■ Task objective
Word for word, restate the lines from the one holding "Gold Shimmer Ballet Flats" through the last line of the material below, and leave every picture out.
Content starts
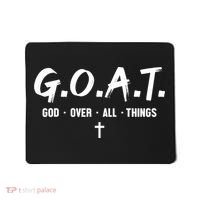 G.O.A.T God Over All Things Cross Christian Faith Mousepad thumb 0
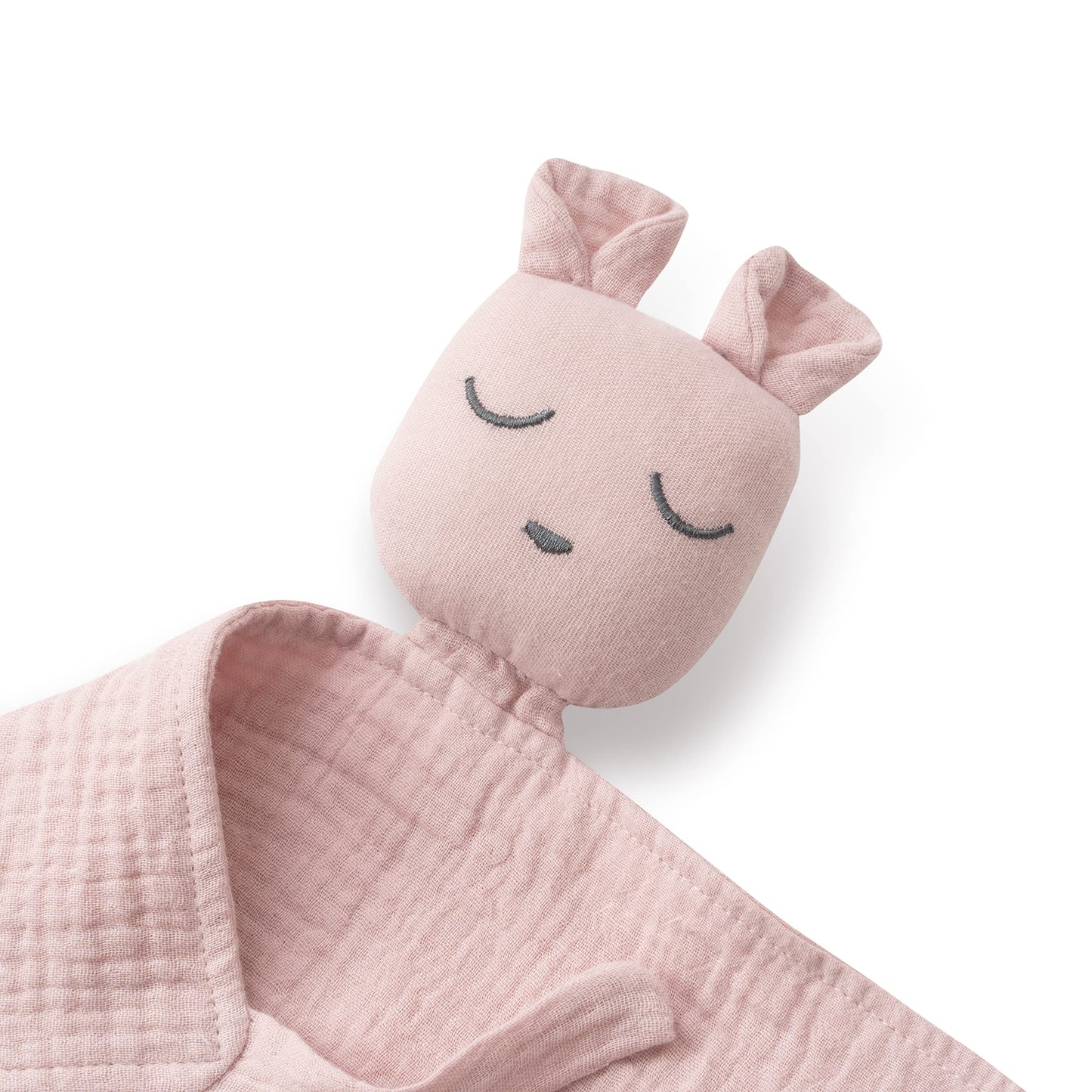 Interbaby kinkekomplekt: doudou kaisumänguasi, beebipõll ja närimisrõngas, roosa
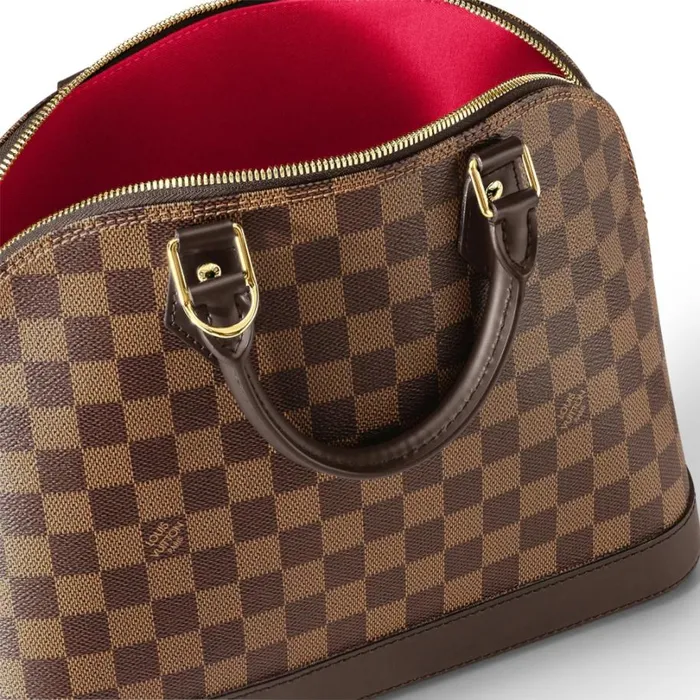 Louis Vuitton Alma Bag Louis Vuitton Damier Ebene Coated Canvas N53151 Alma PM 8211 Louis Vuitton Handbag Store 8211 Women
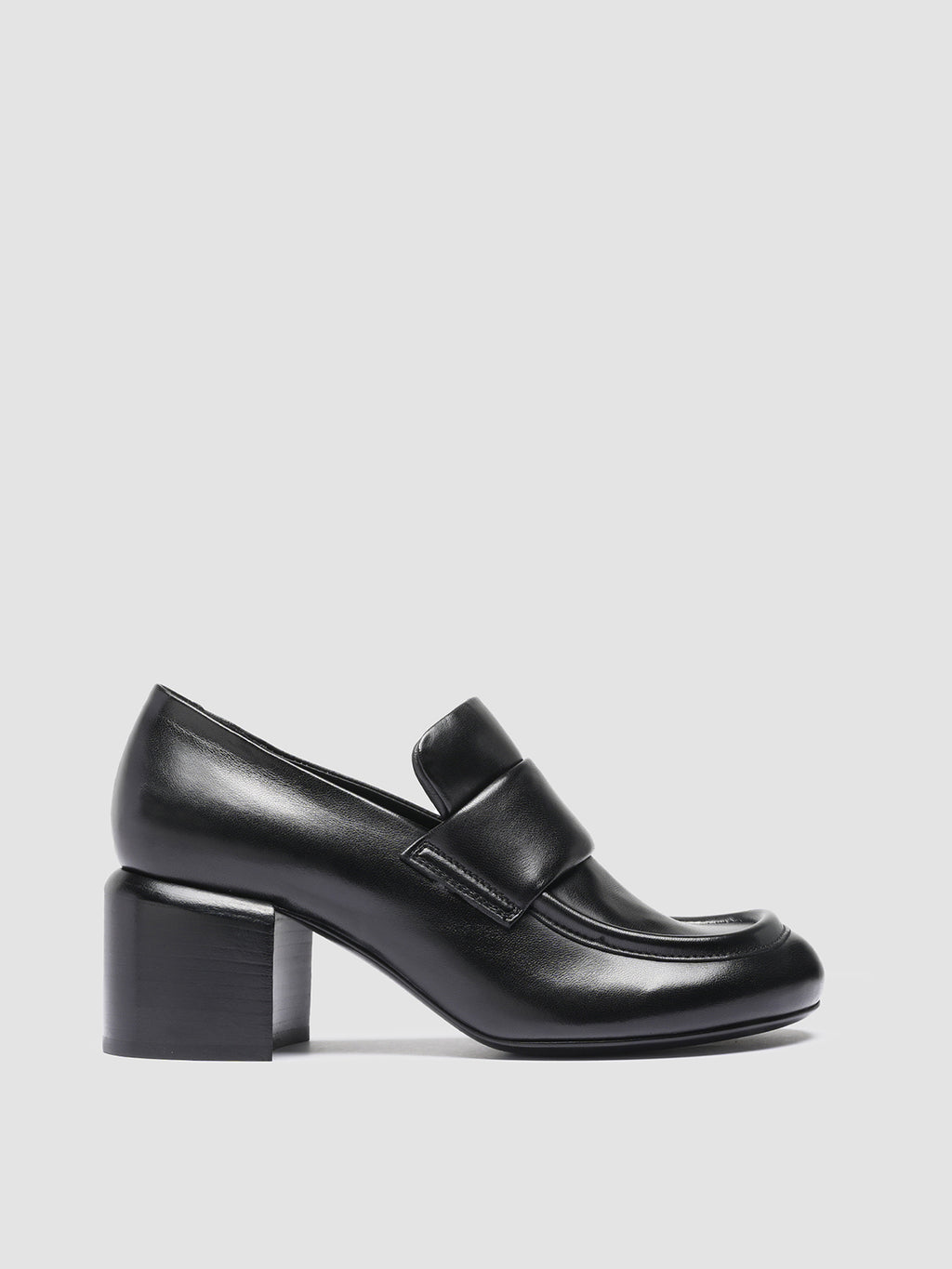 ETHEL 001 - Black Leather Penny Loafers women Officine Creative - 1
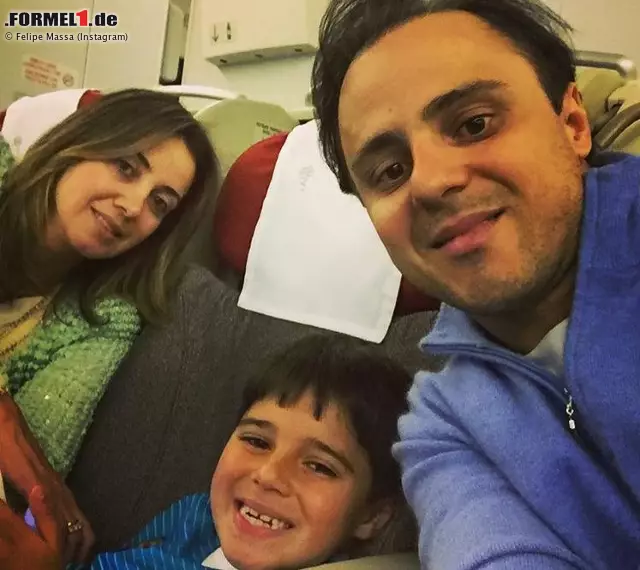 Mit Ehefrau Raffaela und Söhnchen Felipe jun. ("Felipinho") geht's am Montag zurück in die Wahlheimat Monaco. Nach seiner Karriere, das hat der 35-Jährige schon entschieden, möchte er zurück nach Brasilien ziehen. Foto zur News: Mit Ehefrau Raffaela und Söhnchen Felipe jun. ("Felipinho") geht's am Montag zurück in die Wahlheimat Monaco. Nach seiner Karriere, das hat der 35-Jährige schon entschieden, möchte er zurück nach Brasilien ziehen.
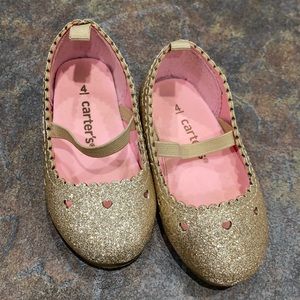 Gold Shimmer Ballet Flats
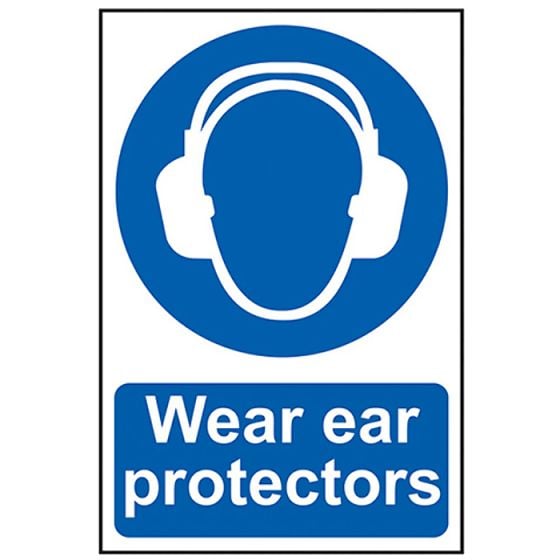 Wear Ear Protectors - PVC 200 x 300mm by Scan - 5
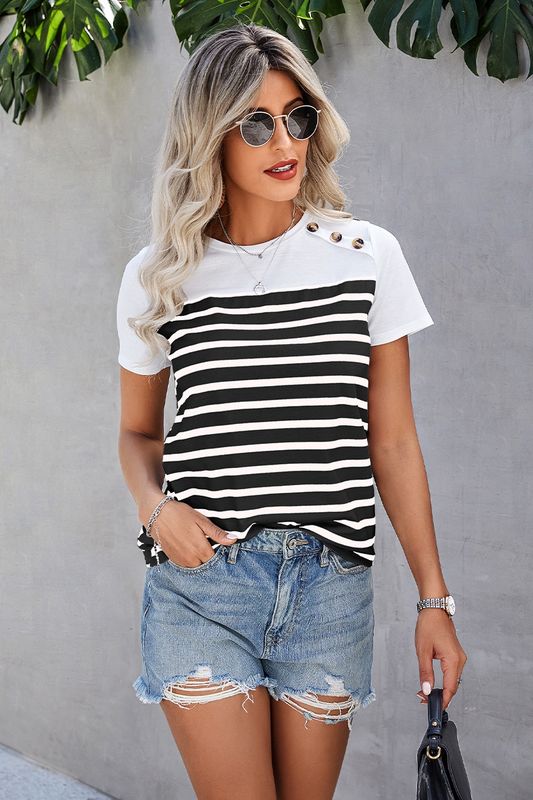 Black/White Striped Shirt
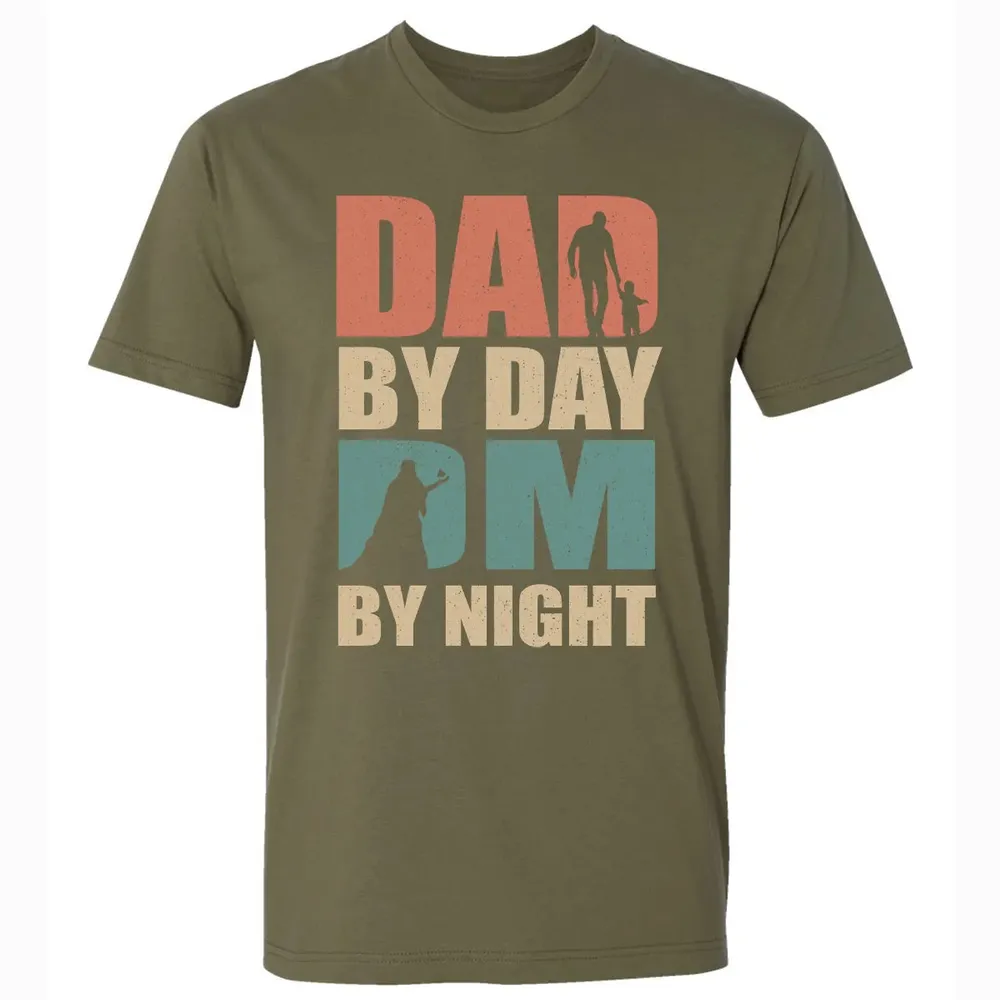 Dad By Day DM By Night DND Premium Unisex T-shirt - 5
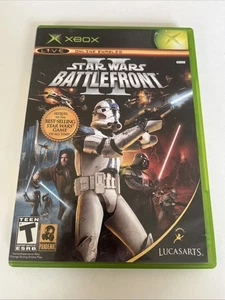 Star Wars: Battlefront II (Microsoft Xbox, 2005) CIB W/manual And Reg Card - Picture 1 of 8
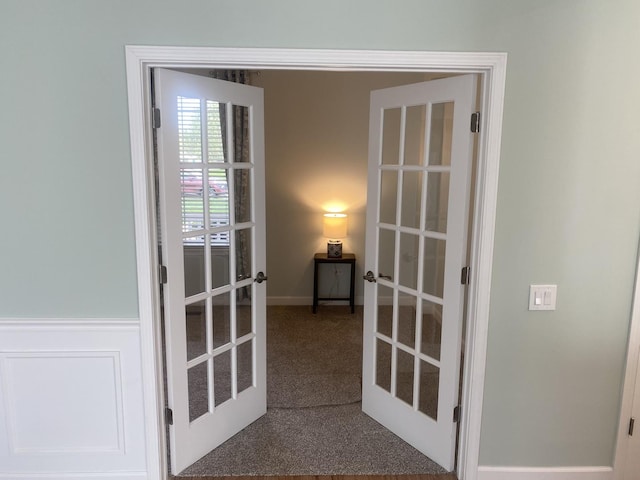 13065 Big Horn Dr, Huntley, IL 60142 - detailed view of carpet flooring and french doors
Content ends
■ Output of the exercise
 Gold Shimmer Ballet Flats
 Wear Ear Protectors - PVC 200 x 300mm by Scan - 5
 Black/White Striped Shirt
 Dad By Day DM By Night DND Premium Unisex T-shirt - 5
 Star Wars: Battlefront II (Microsoft Xbox, 2005) CIB W/manual And Reg Card - Picture 1 of 8
 13065 Big Horn Dr, Huntley, IL 60142 - detailed view of carpet flooring and french doors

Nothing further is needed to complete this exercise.